Tag Archives: Climate Change

Why You Should Cool Your Bananas

An existential threat looms in our near future.  The media relentlessly reminds us of it, and whether you wake up worrying about it each day, or turn a blind eye, we have an out-of-control freight train headed directly our way.  You know what I’m talking about, but I’ll say it – We have a Banana Crisis. 

Scientists tell us that bananas are being ravaged by an uncontrollable disease called Black Sigatoka.  I know it sounds like a Jamaican reggae band, but it’s the real name of this banana disease – I swear.  (Google it if you don’t believe me.) 

Can we even imagine living in a banana-less world?

The good news is that banana scientists are adamant that we will ALWAYS have bananas – just not the normal kind. 

Four hundred million Earthly people eat 30 BILLION dollars of bananas every year.  Now – THAT’S A LOT OF BANANAS!  But here’s the thing.  Most people eat normal bananas.  Here are normal bananas –

Normal bananas are long, yellow, and extremely delicious.  We grew up eating normal bananas. In fact, normal bananas even costarred in one of our favorite childhood books – Curious George.  There is only one bad thing about these bananas.  They turn brown faster than Joey Chestnut can swallow a hotdog.

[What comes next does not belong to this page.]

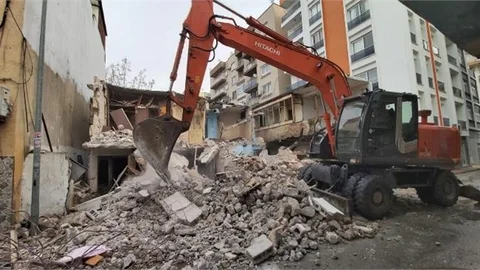 Akdeniz’de Metruk Yapılarla Mücadele Sürüyor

BUT banana scientists tell us that there are many other varieties of bananas.  Here is an example –

Many of these unpopular bananas are called “plantains.”  “Plantain,” is the Latin word for “Weird.”  Plantains are strange green bananas.  The main difference in the taste between plantains and normal bananas is that they cost their weight in gold.

Of course, our favorite banana is the Chiquita banana.  Chiquita is Brazilian for “normal.”  We grew up eating normal bananas, and that’s the way God fearing pro-banana Americans want to keep it.Side note:  I started searching for a vintage Chiquita banana advertisement and came across another vintage ad that has ABSOLUTELY NOTHING to do with bananas.  However, as your primary source of scientific information, I felt a duty to immediately bring it to your Medical attention.  Here it is –

So if you learn anything from this story about the banana crisis, learn that if you or anyone you care about gets pregnant, start smoking Nico Time brand cigarettes immediately.  Your baby’s life depends on it.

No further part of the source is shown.